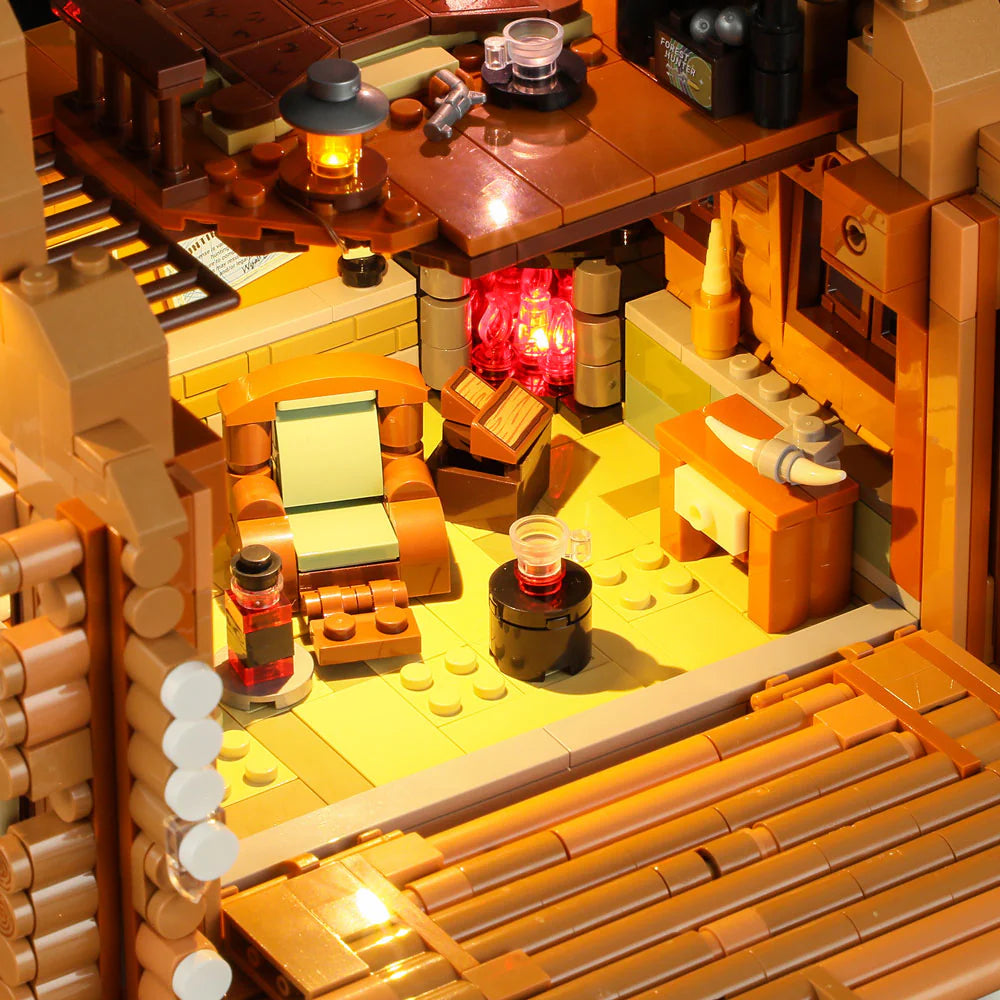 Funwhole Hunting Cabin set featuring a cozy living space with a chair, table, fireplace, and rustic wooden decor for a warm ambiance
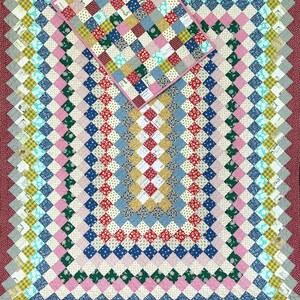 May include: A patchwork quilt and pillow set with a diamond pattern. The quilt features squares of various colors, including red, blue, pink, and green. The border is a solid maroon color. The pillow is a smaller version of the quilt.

===============

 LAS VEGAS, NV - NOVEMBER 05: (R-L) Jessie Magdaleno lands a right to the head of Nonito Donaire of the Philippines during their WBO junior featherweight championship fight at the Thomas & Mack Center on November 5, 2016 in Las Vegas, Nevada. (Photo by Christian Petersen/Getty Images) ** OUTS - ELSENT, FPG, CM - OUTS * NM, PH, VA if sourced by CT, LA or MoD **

===============

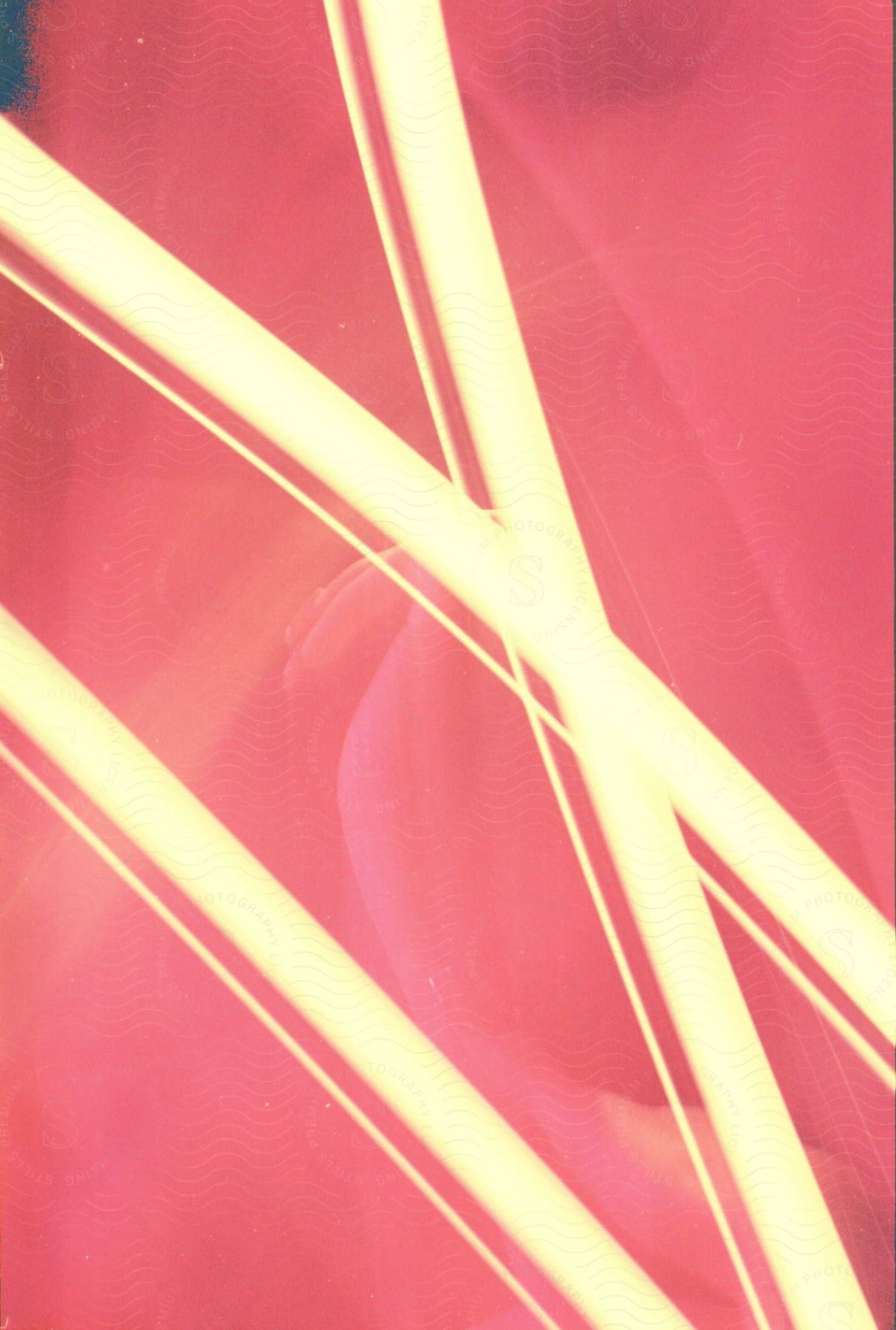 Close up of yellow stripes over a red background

===============

• Work to be completed: Write out word for word the lines above that run from the one with "Funwhole Hunting Cabin" to the one with "May include: A". Include both end lines; exclude the images.

• Response:
 Funwhole Hunting Cabin set featuring a cozy living space with a chair, table, fireplace, and rustic wooden decor for a warm ambiance
 May include: A patchwork quilt and pillow set with a diamond pattern. The quilt features squares of various colors, including red, blue, pink, and green. The border is a solid maroon color. The pillow is a smaller version of the quilt.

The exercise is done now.